▶ **Task goal**: Once you find the line containing "Air Drying Mushrooms: Optimal" in the data below, copy it and each following line exactly, up to and including the line containing "Papilio aegeus at", and nothing else.

++++++++

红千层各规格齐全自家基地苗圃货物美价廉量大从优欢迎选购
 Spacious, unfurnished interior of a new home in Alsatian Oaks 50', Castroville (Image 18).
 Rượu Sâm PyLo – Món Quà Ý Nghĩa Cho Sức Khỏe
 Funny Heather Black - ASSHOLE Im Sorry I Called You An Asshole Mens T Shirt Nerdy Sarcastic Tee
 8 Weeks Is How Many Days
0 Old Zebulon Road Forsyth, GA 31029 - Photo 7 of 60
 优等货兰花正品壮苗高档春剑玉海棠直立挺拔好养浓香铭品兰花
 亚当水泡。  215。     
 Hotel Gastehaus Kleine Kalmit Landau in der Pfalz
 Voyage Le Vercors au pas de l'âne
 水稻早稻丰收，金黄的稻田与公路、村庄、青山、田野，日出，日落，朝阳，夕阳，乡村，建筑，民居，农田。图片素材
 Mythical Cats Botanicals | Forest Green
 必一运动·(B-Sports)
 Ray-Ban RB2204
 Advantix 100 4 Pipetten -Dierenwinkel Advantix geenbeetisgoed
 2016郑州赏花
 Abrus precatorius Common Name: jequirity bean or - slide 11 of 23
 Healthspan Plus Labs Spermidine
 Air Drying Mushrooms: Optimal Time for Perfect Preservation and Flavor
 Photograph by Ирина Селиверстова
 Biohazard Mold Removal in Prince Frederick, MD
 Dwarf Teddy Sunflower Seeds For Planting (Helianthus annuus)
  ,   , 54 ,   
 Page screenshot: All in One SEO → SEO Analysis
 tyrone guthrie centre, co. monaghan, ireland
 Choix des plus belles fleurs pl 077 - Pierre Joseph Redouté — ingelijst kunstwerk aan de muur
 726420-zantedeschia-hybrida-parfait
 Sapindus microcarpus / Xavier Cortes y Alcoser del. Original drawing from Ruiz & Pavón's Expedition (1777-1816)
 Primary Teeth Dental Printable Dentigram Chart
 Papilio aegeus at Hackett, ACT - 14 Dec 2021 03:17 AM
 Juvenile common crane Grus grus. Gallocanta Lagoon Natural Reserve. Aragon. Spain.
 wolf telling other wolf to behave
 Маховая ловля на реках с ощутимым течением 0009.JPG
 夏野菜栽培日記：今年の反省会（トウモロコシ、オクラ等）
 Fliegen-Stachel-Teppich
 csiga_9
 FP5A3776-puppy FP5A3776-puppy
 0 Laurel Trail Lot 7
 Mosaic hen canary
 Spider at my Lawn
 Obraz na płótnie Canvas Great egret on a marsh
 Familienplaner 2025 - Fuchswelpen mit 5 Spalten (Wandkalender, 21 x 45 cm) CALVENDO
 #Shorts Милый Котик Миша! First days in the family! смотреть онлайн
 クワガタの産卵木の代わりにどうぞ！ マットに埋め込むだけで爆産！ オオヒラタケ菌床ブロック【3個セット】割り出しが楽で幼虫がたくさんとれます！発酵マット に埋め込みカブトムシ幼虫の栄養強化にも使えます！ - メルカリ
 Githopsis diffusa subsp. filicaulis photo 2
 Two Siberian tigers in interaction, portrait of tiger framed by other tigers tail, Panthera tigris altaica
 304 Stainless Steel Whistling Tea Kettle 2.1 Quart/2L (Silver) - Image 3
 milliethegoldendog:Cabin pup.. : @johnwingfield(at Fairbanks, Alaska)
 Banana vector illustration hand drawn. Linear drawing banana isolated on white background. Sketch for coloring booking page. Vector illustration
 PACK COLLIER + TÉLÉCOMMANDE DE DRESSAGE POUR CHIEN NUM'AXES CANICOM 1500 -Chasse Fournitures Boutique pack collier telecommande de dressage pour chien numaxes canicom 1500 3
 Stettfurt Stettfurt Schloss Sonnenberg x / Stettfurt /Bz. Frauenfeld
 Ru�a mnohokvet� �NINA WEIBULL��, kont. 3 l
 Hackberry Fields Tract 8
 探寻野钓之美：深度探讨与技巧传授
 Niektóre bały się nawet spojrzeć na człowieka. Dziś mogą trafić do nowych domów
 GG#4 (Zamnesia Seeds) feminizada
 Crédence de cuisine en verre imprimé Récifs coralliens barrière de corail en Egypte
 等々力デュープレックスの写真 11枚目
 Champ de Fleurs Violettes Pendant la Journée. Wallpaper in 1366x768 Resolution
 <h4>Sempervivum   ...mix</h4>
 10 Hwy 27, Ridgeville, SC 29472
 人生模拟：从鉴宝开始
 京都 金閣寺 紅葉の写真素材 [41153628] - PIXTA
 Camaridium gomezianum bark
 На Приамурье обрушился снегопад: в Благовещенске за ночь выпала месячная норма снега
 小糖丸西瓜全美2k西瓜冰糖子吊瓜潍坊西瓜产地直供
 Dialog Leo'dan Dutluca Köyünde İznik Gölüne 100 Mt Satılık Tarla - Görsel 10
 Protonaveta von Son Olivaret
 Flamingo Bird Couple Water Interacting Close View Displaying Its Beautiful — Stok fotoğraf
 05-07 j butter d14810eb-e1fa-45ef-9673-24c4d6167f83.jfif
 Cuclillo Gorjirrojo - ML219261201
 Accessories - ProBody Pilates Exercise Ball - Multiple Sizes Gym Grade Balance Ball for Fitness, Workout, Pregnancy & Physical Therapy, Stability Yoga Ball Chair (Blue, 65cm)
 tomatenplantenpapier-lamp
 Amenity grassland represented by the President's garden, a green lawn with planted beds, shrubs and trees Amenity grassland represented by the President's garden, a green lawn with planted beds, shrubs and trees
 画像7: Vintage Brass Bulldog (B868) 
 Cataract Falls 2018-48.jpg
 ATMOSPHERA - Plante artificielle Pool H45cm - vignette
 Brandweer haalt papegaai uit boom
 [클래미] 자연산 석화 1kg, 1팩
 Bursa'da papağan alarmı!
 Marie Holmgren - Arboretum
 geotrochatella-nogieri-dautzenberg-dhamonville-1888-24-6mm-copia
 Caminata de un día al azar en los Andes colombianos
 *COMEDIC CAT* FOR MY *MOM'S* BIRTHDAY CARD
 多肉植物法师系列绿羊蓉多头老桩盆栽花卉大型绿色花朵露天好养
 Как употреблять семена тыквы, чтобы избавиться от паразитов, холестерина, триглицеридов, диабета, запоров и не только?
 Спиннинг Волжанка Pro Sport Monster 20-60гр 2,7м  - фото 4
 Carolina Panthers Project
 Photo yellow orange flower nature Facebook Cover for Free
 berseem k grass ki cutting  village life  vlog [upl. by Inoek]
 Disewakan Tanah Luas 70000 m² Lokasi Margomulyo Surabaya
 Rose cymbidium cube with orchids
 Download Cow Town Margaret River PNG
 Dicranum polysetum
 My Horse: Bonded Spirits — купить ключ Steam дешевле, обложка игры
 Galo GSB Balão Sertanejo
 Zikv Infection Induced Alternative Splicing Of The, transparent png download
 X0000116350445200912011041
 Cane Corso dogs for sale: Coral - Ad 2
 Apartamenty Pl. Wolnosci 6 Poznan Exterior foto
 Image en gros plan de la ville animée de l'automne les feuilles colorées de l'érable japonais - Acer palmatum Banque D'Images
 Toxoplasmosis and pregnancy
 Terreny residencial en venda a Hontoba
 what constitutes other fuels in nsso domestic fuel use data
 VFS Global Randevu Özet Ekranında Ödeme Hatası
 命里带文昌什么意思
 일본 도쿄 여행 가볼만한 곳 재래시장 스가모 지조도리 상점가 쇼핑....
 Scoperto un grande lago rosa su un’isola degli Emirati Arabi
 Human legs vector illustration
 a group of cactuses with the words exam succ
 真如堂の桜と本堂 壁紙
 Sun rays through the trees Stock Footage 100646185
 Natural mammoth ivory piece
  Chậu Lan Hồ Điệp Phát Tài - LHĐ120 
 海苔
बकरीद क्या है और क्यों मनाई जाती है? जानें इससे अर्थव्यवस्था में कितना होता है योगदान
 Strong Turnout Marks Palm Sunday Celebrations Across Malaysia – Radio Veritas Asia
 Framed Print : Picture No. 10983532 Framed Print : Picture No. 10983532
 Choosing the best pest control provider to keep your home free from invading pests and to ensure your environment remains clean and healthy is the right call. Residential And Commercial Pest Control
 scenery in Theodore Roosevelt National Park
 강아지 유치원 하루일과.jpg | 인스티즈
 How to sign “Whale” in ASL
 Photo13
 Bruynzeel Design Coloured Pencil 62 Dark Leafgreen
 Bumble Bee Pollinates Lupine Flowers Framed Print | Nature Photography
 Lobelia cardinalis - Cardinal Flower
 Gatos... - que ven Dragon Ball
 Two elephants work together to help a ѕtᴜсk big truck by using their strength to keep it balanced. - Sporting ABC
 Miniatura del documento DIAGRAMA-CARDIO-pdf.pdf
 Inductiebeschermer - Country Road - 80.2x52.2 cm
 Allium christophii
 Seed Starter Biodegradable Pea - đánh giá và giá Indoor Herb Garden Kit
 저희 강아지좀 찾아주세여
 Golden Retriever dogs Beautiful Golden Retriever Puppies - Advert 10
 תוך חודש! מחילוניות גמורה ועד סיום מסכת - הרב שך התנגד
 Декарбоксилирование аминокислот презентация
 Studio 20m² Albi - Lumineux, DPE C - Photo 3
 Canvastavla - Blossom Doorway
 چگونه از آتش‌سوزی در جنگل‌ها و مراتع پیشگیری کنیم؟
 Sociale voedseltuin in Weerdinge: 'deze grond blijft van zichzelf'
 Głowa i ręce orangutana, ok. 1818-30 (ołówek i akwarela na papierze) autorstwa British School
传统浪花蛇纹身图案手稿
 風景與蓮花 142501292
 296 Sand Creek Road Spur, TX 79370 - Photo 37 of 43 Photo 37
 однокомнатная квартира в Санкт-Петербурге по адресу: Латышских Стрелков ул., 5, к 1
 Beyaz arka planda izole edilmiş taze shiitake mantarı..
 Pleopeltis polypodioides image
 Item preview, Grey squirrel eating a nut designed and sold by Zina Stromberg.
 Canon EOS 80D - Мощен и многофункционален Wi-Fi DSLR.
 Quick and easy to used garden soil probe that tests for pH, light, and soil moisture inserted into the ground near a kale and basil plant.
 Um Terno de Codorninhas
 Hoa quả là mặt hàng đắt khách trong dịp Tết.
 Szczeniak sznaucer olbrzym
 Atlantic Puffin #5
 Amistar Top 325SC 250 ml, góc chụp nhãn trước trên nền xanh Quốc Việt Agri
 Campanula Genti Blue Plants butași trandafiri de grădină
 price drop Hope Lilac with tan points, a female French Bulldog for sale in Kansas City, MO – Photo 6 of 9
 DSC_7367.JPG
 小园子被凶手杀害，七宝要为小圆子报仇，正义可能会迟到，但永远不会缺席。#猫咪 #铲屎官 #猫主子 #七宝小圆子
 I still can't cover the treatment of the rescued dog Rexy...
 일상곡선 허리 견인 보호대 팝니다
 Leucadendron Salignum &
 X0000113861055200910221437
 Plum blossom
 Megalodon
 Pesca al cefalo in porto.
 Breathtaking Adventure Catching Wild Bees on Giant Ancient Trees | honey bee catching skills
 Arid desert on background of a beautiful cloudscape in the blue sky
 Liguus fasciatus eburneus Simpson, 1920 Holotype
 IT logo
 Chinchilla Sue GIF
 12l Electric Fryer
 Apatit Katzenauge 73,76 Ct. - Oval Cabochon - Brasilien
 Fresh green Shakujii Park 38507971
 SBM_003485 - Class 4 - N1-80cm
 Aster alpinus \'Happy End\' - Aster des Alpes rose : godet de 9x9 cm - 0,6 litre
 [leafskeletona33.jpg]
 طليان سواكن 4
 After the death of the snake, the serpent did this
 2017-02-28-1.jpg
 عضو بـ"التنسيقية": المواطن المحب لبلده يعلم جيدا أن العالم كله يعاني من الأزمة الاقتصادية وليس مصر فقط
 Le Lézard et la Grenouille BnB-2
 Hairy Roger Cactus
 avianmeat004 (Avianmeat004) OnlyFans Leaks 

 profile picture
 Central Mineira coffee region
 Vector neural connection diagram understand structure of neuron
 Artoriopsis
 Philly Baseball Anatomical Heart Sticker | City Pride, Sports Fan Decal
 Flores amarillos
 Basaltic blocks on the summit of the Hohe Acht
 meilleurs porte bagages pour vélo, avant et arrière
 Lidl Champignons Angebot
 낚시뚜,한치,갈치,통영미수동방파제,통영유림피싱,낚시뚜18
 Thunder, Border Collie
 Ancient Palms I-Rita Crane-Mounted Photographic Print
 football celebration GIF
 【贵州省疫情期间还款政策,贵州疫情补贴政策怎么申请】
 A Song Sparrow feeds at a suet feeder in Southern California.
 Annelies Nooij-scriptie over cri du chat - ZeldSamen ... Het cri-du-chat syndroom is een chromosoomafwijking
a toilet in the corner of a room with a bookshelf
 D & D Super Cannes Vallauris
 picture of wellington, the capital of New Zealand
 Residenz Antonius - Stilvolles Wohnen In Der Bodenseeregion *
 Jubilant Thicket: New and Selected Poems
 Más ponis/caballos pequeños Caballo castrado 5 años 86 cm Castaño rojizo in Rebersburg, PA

++++++++

▶ **Result of the exercise**:
 Air Drying Mushrooms: Optimal Time for Perfect Preservation and Flavor
 Photograph by Ирина Селиверстова
 Biohazard Mold Removal in Prince Frederick, MD
 Dwarf Teddy Sunflower Seeds For Planting (Helianthus annuus)
  ,   , 54 ,   
 Page screenshot: All in One SEO → SEO Analysis
 tyrone guthrie centre, co. monaghan, ireland
 Choix des plus belles fleurs pl 077 - Pierre Joseph Redouté — ingelijst kunstwerk aan de muur
 726420-zantedeschia-hybrida-parfait
 Sapindus microcarpus / Xavier Cortes y Alcoser del. Original drawing from Ruiz & Pavón's Expedition (1777-1816)
 Primary Teeth Dental Printable Dentigram Chart
 Papilio aegeus at Hackett, ACT - 14 Dec 2021 03:17 AM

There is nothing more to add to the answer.